PSB and Decrypting Variants of Unknown Significance (VUS)

As a result of all this new structural information, the PSB is uniquely positioned to identify and triage novel coding variants that appear in clinical settings. As more patients have their genomes sequenced, variants of unknown significance (VUSs) are invariably identified, some of which may be implicated in the patients’ diagnosis. The PSB can evaluate these VUSs within the context of protein structure, possibly giving insight into the mechanism of disease (e.g. protein destabilization) or of treatment (e.g. disruption of drug target site).
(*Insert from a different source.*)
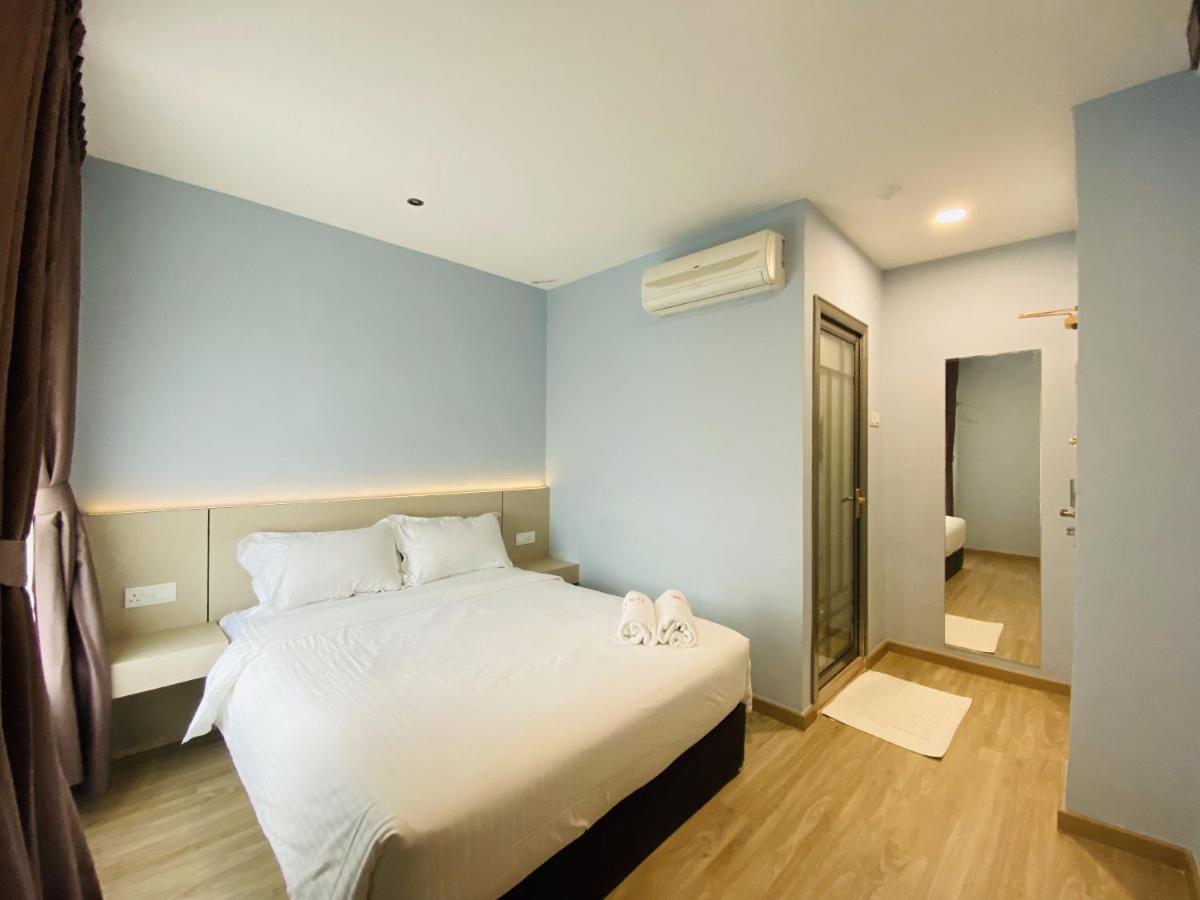 Hotel U And Me Kulai Exterior photo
The structural characterization of these VUSs is facilitated through the use of an inhouse, high-throughput analysis pipeline, VUStruct. VUStruct takes as input a list of VUSs (e.g. in the form of genomic coordinates), identify all that are missense coding variants, and then maps them onto all available structural models. VUStruct then applies a set of (user-customizable) analyses to interrogate patient variants using such structure driven methods as:

1. Proximity to other known pathogenic variants (PathProx)
2. Destabilizing effects on the protein structure
3. Evolutionary conservation of amino acids that are proximate in 3D space (COSMIS; github; web app)
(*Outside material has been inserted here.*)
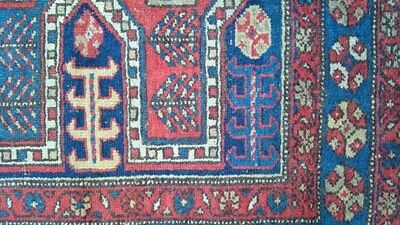 Persian tribal rug to 1920 202 x 126 cm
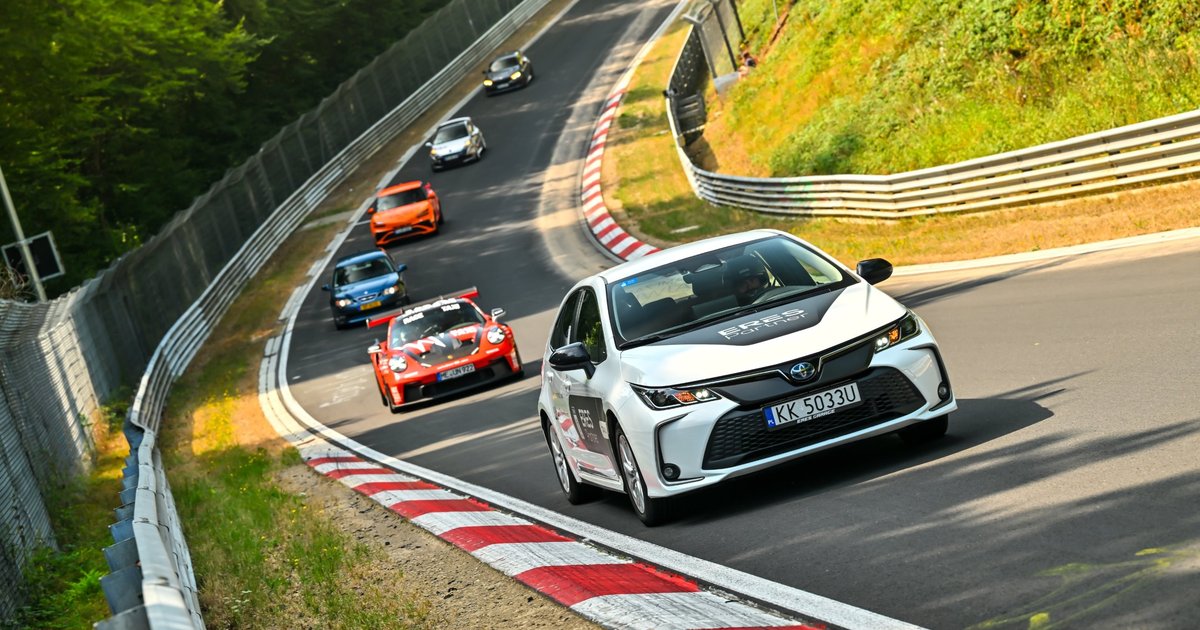 Toyota Corolla at Nürburgring: taxi from Krakow to Nordschleife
As an example of how the structural approach taken by the PSB can be applied to clinical cases can be seen in a recent diagnosis within the UDN. The proband’s genome harbored a frameshift variant on one copy of fibroblast growth factor binding protein type 2 (FGFBP2). Viewed through the lens of structural biology, this VUS was predicted to ablate secondary structure in the protein (see Figure 1). This structural consequence would be predicted to inhibit the ability of FGFBP2 to bind fibroblast growth factor, thus providing a mechanistic model of pathogenicity.